We consider a response correct if it contains the word that was at fault, or a word adjacent to a punctuation error. For example, the sentence “The driver said the delivery was ‘well over,’ 6,500 pounds, he said.” has an extra comma between ‘over’ and ‘6,500’, so we would accept either of those adjacent words as a correct answer.
We used the most recent LLM model from OpenAI, gpt-4-turbo-preview, which includes training data up to April 2023. We will publish the script shortly.
The results of our experiments foreshadow likely challenges in building a professional LLM-powered copy editing system. Here are some of our observations. You can find the full results in this spreadsheet.
There’s no one category of errors that GPT-4 consistently finds or misses.
It found the missing hyphen in “45 minute,” but missed the hyphen omissions in “Alexandria Ocasio Cortez” and “10-year old boy.”
We were able to find more factual errors by adding “facts” as an error category in the prompt, but the change decreased overall accuracy.
GPT-4 will happily find all kinds of phony factual errors if prompted to, best not to tempt it! Without the suggestion that errors could be factual, it doesn’t catch the misspelling of “Leonardo Di Caprio.”
Quotes are fraught.
Misspellings or punctuation errors in a printed quote are errors, but word choices are not. GPT-4 got tripped up by several examples from the profile of fashion icon Beenslackin, flagging “seen” as a tense error in the quote “I dyed them blonde because I seen XXXTentacion had the half-split style.” Even more confusing are quotes from printed sources that have to copy the same editing decisions of the original.
The results are finicky.
We found that the results changed with small edits to the prompt and with different versions of the GPT-4 model. We could never get over 50% accuracy, but the examples it got right and wrong changed.

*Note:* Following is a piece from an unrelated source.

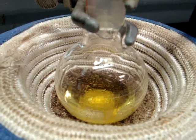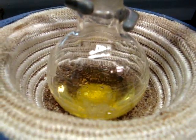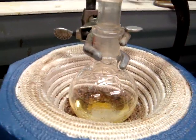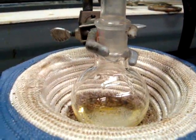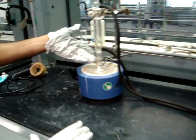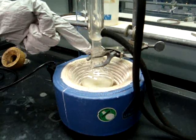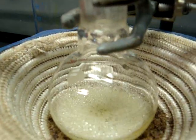As you can see, the solution is starting to bubble, which means the heat is working. Once it begins to reflux, that is when you start your 30-minute timer. This is where you can tell the solution has begun to reflux — as you can see, it is condensing up into the condenser.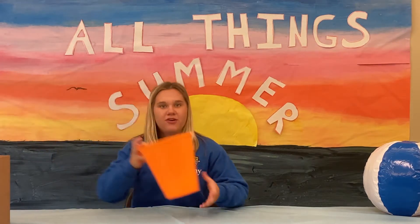Hi everyone, I'm Emily. Today we're going to be playing an awesome game called Drip, Drip, Drop. From your camp in a box, you're going to need your bucket and a sponge. From home, all you're going to need is water.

A reasonable criticism to all this is to declare formal editing archaic and irrelevant. Most New Yorkers probably think SoHo is spelled Soho, and only a tiny fraction of English speakers likely know that “1 in 4” is treated as singular. These tests, then, have no bearing on the future impact of LLMs.
These would be fair points, and I should add that I do not personally care all that much about formal grammar (Bassey edits all of my pieces and puts the commas in the right places). But professional publishers do care about formal grammar — and likely will long into the future — so these LLM systems need to level up if they are going to be useful to them.
[Note From Bassey: Formal grammar also reduces misunderstandings in complex writing, and allows you to efficiently reference your own arguments :) By the way, we invite you to use our dataset and try to beat our results – we'd love to hear about it if you try! Our dataset can be found on Huggingface, a company that hosts AI models and data.]